Celebrating 75 years of the NHS
The National Health Service turns 75 on Wednesday 5 July. With a continuing commitment to provide care for all, based on clinical need and free at the point of delivery, the NHS remains one of the UK’s proudest achievements. Join us as we celebrate this milestone anniversary.
Hospitals that make history
Since its creation in 1948, the NHS has enabled and benefitted from some of the biggest advances in health and care worldwide. As part of our birthday celebrations, we have curated a special timeline which highlights how our hospitals and our staff have helped shape the NHS from the very start. This includes:
- Establishing one of the UK’s first artificial kidney units at Hammersmith Hospital and pioneering the development of dialysis in 1956
- Prof Lord Ara Darzi using the Da Vinci robot for the first time in the UK at St Mary’s Hospital during heart surgery in 2001
- Using high-intensity, focused ultrasound waves to treat patients with debilitating tremors, avoiding traditional, invasive brain surgery techniques, in a UK first in 2016.
Our hospitals continue to be at the forefront of advancements in care and treatment.
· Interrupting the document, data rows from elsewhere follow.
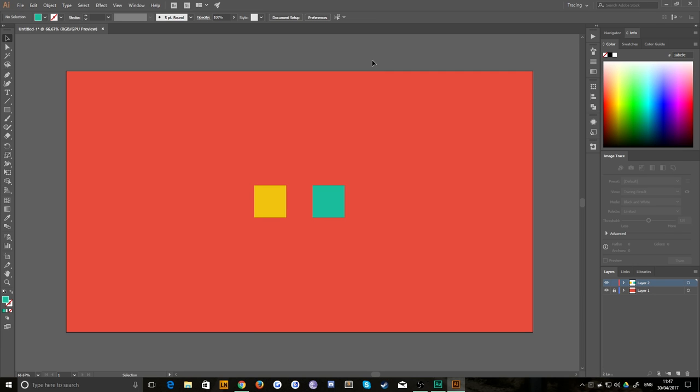Hello everybody and welcome back to TipTut. Today we're doing a really quick tutorial. It's basically going to be how to find and replace colors within Illustrator because it's not the same process as it is within Animate CC or Photoshop or things like that.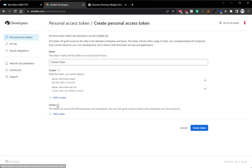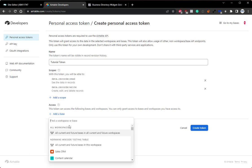Below that, we have our access permissions. This is where you can set which Airtable bases this token can access. You can pick a specific base. However, for the sake of simplicity and unless otherwise specifically needed, we can select the all current and future bases for this workspaces option.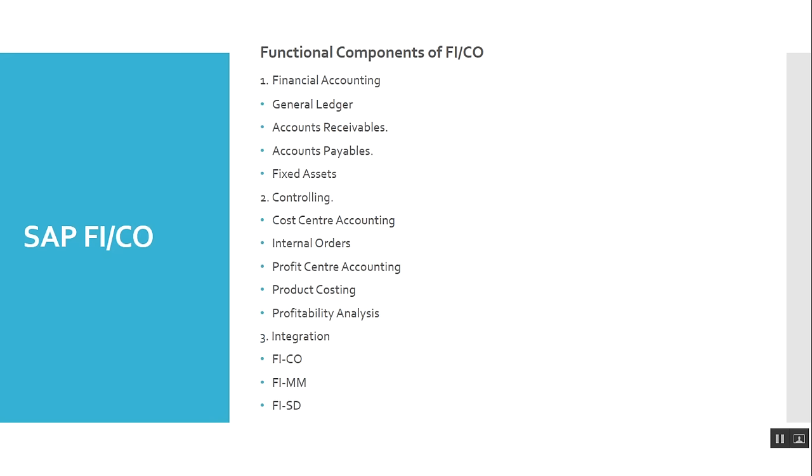In FI, financial accounting includes General Ledger, Accounts Payable, Fixed Assets. Controlling includes Cost Center Accounting, Internal Order, Profit Center Accounting, Product Costing, and Profitability Analysis and Integration.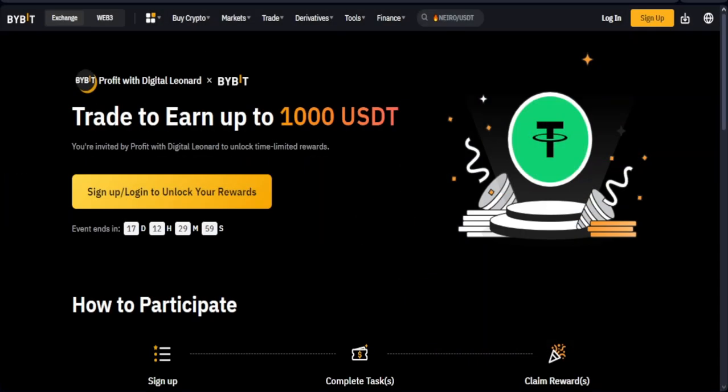That's it for this video. Go start trading now and check your reward hub every day to start claiming all the different rewards that Bybit is giving you. I hope someone from my community will be able to get up to a thousand dollars — if you do, please let me know and we'll celebrate together. Give this video a thumbs up, and if you're new to the channel make sure you subscribe and hit the notification bell to be the first to know whenever I publish videos like this.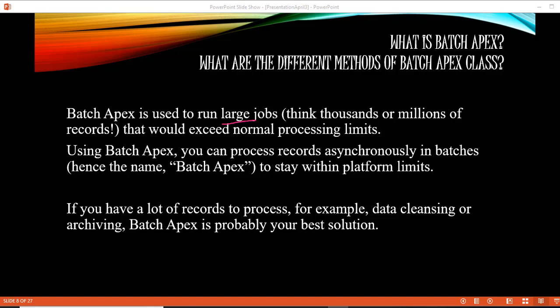Using Batch Apex, you can process records asynchronously in batches. Each batch will be under the governor limit, so you will avoid hitting your governor limits and you will be able to process those million records which you could not have processed otherwise without using Batch Apex.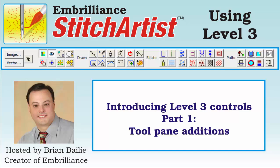Hi everyone, Brian here from Embrilliance. Today we're going to start looking at the new controls in Stitch Artist Level 3.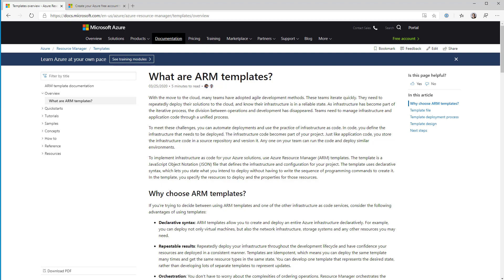So ARM templates are one way of how you define what you want to deploy in Azure and then actually deploy it. ARM templates are Microsoft's implementation of infrastructure as code for Azure. Infrastructure as code is the technique of defining your infrastructure in your code files rather than by manually going through and creating infrastructure or defining it as a set of scripts. The big difference between something like ARM templates and PowerShell scripts is the imperative versus declarative syntax. When you write a PowerShell script or CLI or whatever, you are giving it a list of commands you want to run — do this, do this, do this.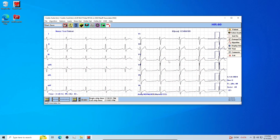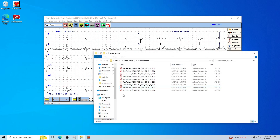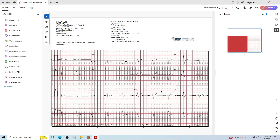View digital tests in the desktop reports folder. From here, you can easily view the digital ECG report documents. Let's open the ECG test report we just recorded. This report can be shared for over-reading or automatically sent to your center's EMR system.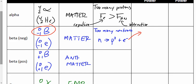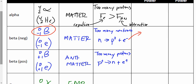Beta-positive decay occurs when you have too many protons — but again, it's an energy imbalance, not a force problem. The nucleus club decides to change a proton into a neutron, but that violates conservation of charge. So in addition to the neutron, a positron is also produced. That positron isn't welcome in the nucleus, so it gets kicked out. That's your beta-positive particle.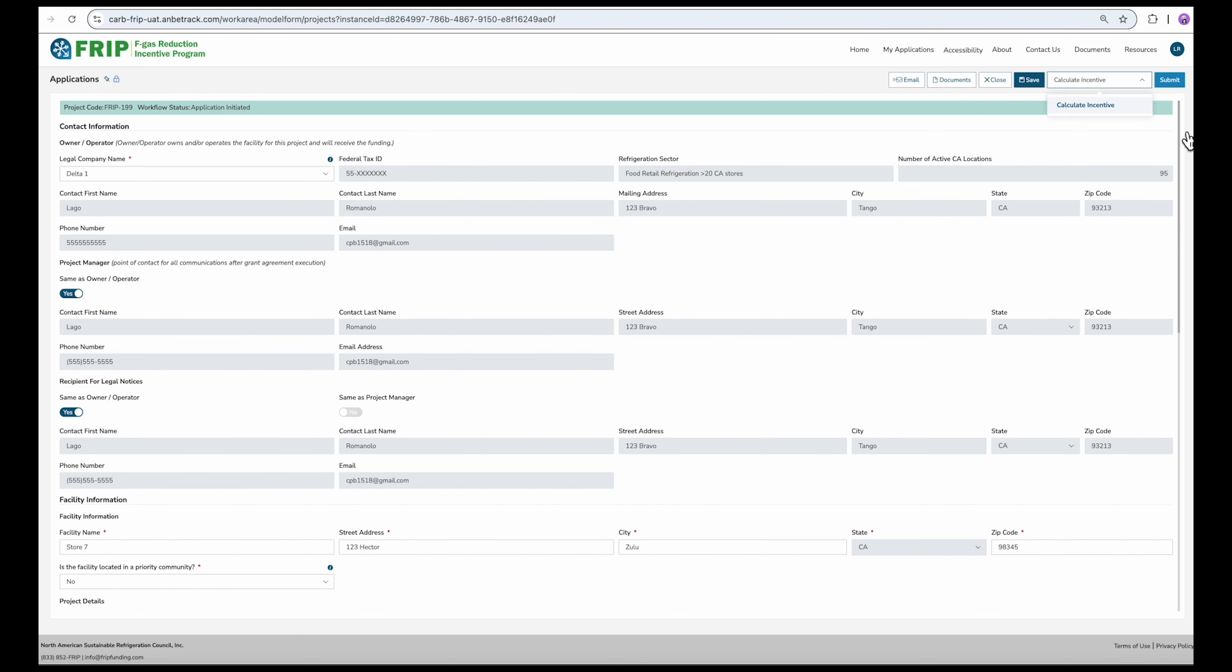Once that calculates, you'll see this text telling you to scroll down to the bottom of the application to view your incentive amount and complete. Here, we have an estimated incentive of $188,000 based on the system dimensions for this project.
More recently, in 2022, the Imperial Biomedical Research Centre, which we host and run in partnership with Imperial College London, was awarded £95 million. And earlier this year, we launched Paddington Life Sciences, a new life sciences cluster centred on St Mary’s Hospital and founded on growing partnerships with research, industry and community organisations.
View our dedicated NHS75 timeline.
Thanking and recognising our staff, now and through the years
Supported by Imperial Health Charity, we are running a programme of events and entertainment to say thank you to our staff for their hard work, passion and dedication.
We will be publishing a series of news stories to celebrate our rich history and commitment to research and innovation.
We will also be sharing accounts of Imperial people who have been part of the NHS story through the years, including:
- a blog on Dr Charles Wilson, a consultant physician at St Mary’s Hospital, who became Lord Moran in 1943 and was instrumental in winning over early opposition from the medical profession towards the NHS
- a blog by Dr Alasdair Fraser who was a medical student at St Mary’s Hospital at the advent of the NHS
- a video featuring Carol Cato-Duncan, matron of renal services at Hammersmith Hospital, whose mother came to the UK as part of the Windrush Generation and was a nurse at Queen Charlotte’s & Chelsea Hospital
- a video with Dame Professor Averil Mansfield CBE, retired vascular surgeon at St Mary’s Hospital, who became the first female professor of surgery in the United Kingdom in 1993.